Agent1.sources.src1.channels = CH2

Agent1.sources.src1.spoolDir =/root/hmbbs

Agent1.sources.src1.fileHeader = False

Agent1.sources.src1.interceptors = I1

Agent1.sources.src1.interceptors.i1.type = Timestamp

# Configure Memory Channel

Agent1.channels.ch1.type = Memory

agent1.channels.ch1.capacity = 1000

agent1.channels.ch1.transactionCapacity = 1000

Agent1.channels.ch1.byteCapacityBufferPercentage = 20

Agent1.channels.ch1.byteCapacity = 800000

# config file Channel

Agent1.channels.ch2.type = File

Agent1.channels.ch2.checkpointDir =/root/flumechannel/checkpoint

Agent1.channels.ch2.dataDirs =/root/flumechannel/data

# Configuring HDFs Sink

Agent1.sinks.sink1.type = HDFs

Agent1.sinks.sink1.channel = CH2

Agent1.sinks.sink1.hdfs.path = hdfs://hadoop0:9000/flume/%y-%m-%d/

Agent1.sinks.sink1.hdfs.rollinterval=1

Agent1.sinks.sink1.hdfs.fileType = DataStream

Agent1.sinks.sink1.hdfs.writeFormat = Text

# Configure HBase Sink

#配置hbase SINK2

Agent1.sinks.sink2.type = HBase

Agent1.sinks.sink2.channel = Channel1

Agent1.sinks.sink2.table = Hmbbs

agent1.sinks.sink2.columnFamily = CF

Agent1.sinks.sink2.serializer = Flume. Hmbbshbaseeventserializer

Agent1.sinks.sink2.serializer.suffix = Timestamp

Agent1.sinks.sink2.serializer = Org.apache.flume.sink.hbase.SimpleHbaseEventSerializer

5. The script to start the agent is the Flume-ng agent, you need to specify the agent name, configuration directory, configuration file

-N Specify Agent Name

-c Specifies the configuration file directory

-F Specify configuration file

-dflume.root.logger=debug,console

So the full boot command should be written like this.

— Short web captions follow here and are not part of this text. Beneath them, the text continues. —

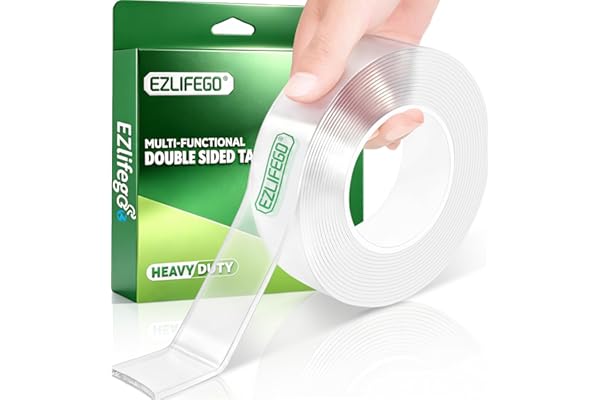 EZlifego Double Sided Tape Heavy Duty, Extra Large & Tough Adhesive Mounting Tape, Multipurpose Nano Tape Picture Hanging Strips, Removable Sticky Poster Tape for Walls Decor Carpet Tape(Clear,16.5FT)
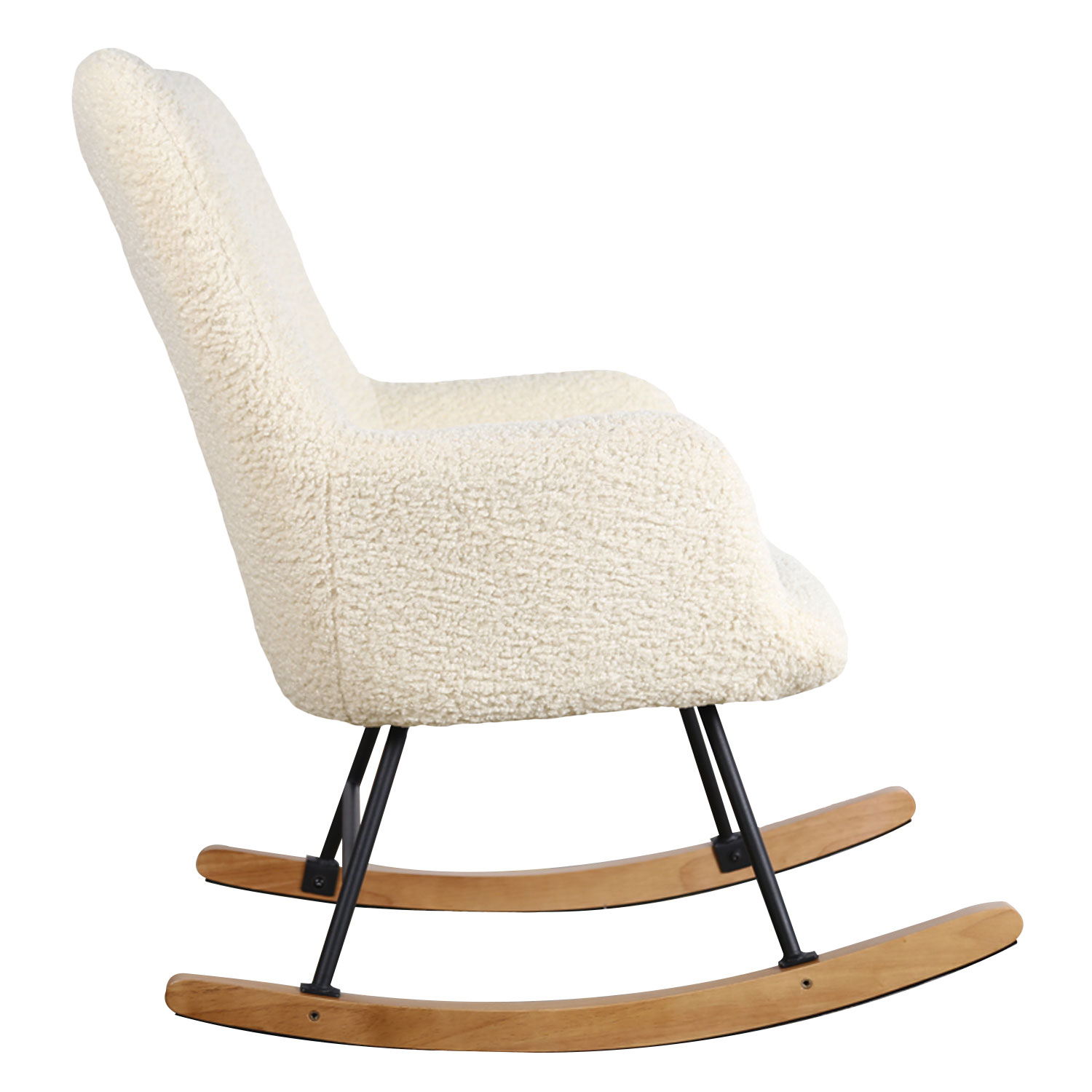 Fauteuil à bascule en tissu bouclette écru KAIRA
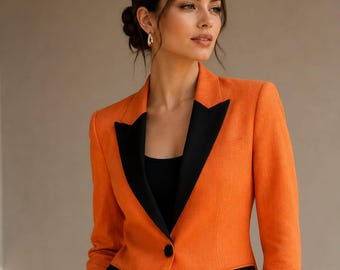 Women's Orange Tailored Blazer and Pants Suit, Elegant Office Wear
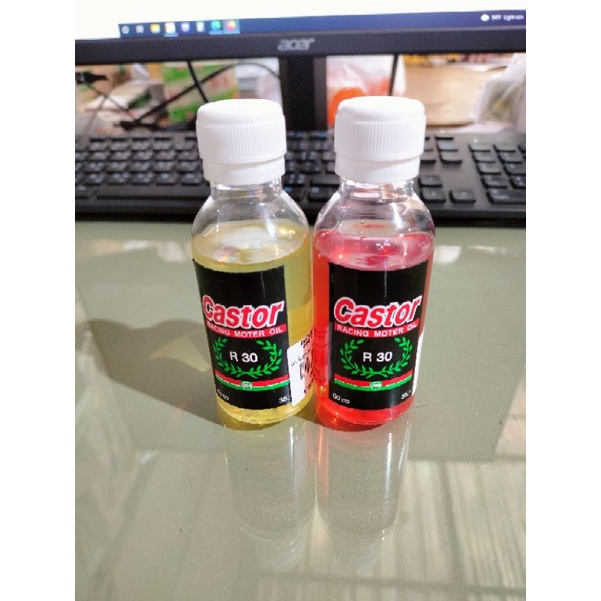 หัวเชื้อCastor~R30ขนาด60cc/แดง2จังหวะ-เหลือง4จังหวะขอสุ่มยี่ห้อ/ขวดมาแต่ละรอบมีทั้งแบบแบน/กลม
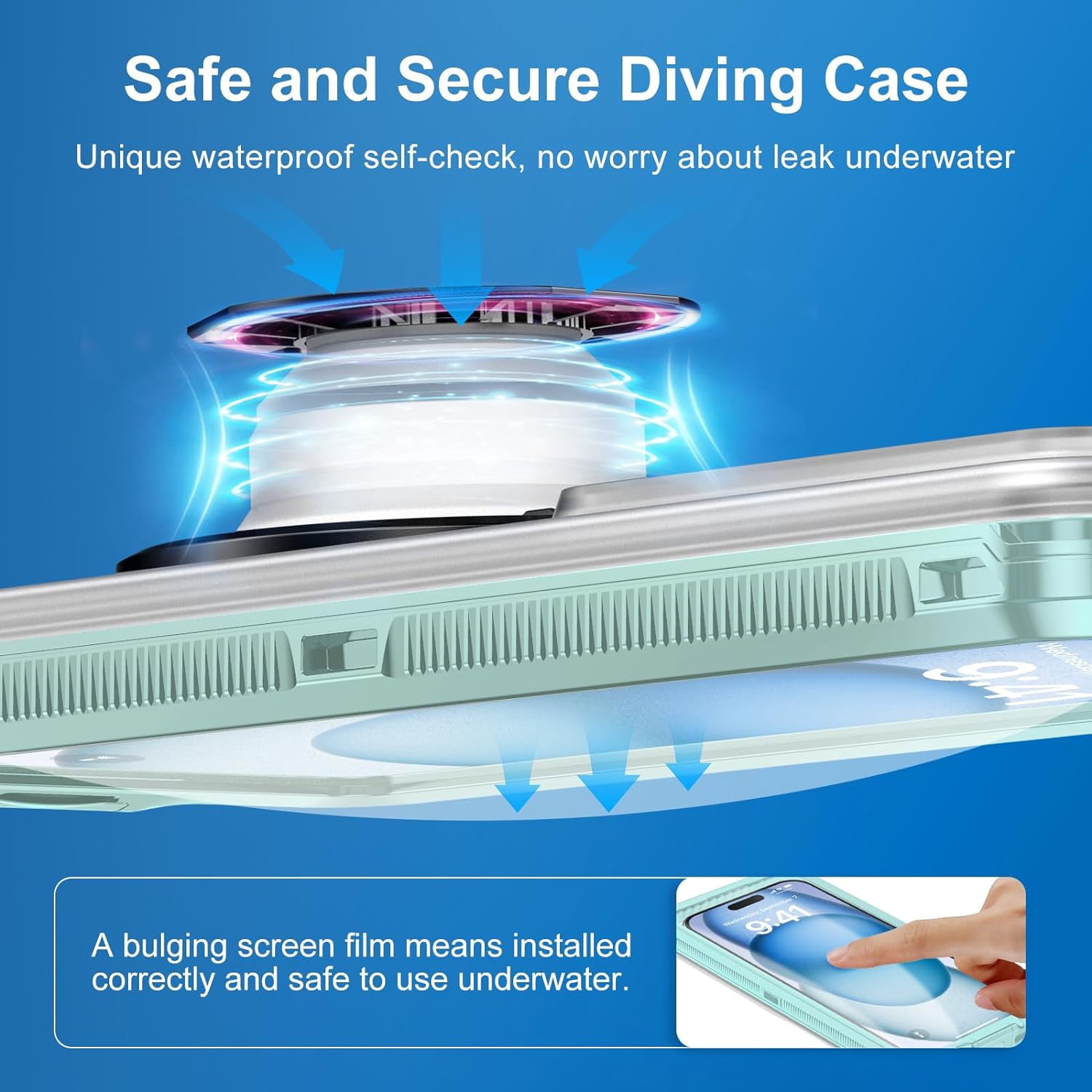 KOMI Waterproof Phone Case, Underwater Snorkeling Diving Phone Case, Universal Self-Check Water Proof Pouch Dry Bag Up to 6.9 Inch for iPhone 15/14/13/12/11/Samsung S24/S23/Google Series - Green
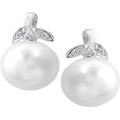 14k Gold Freshwater Pearl Diamond Stud Earrings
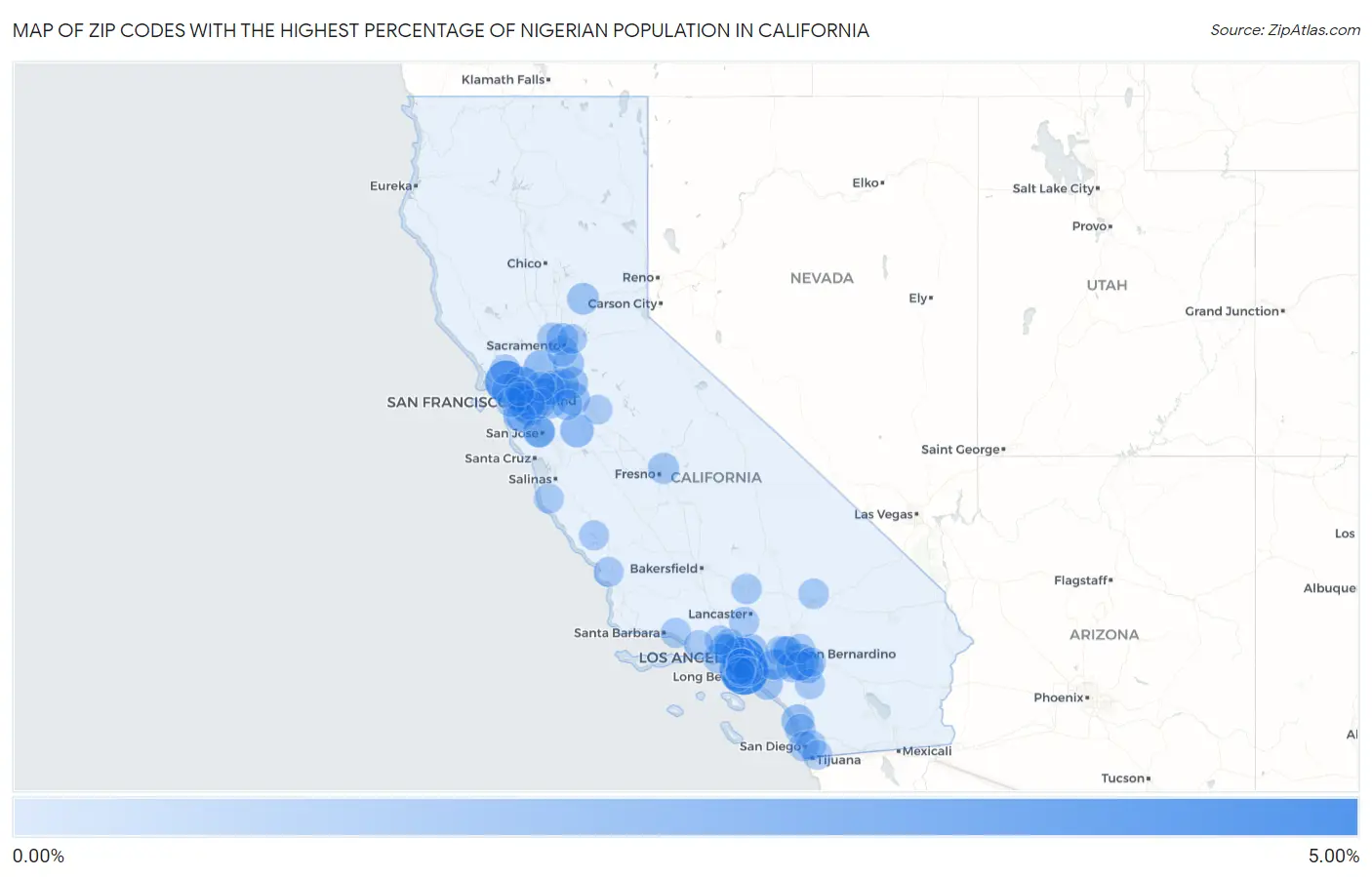 Zip Codes with the Highest Percentage of Nigerian Population in California Map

Bin/flume-ng agent–n agent1–c conf–f conf/example–dflume.root.logger=debug,console

After successful startup, you can put the file into directory/root/hmbbs, Flume will perceive the new file and upload it to the/flume directory in HDFs.

The principle and use of flume

Contact Us

The content source of this page is from Internet, which doesn't represent Alibaba Cloud's opinion; products and services mentioned on that page don't have any relationship with Alibaba Cloud. If the content of the page makes you feel confusing, please write us an email, we will handle the problem within 5 days after receiving your email.

If you find any instances of plagiarism from the community, please send an email to: info-contact@alibabacloud.com and provide relevant evidence. A staff member will contact you within 5 working days.

A Free Trial That Lets You Build Big!

Start building with 50+ products and up to 12 months usage for Elastic Compute Service

  • Sales Support

    1 on 1 presale consultation

  • After-Sales Support

    24/7 Technical Support 6 Free Tickets per Quarter Faster Response

  • Alibaba Cloud offers highly flexible support services tailored to meet your exact needs.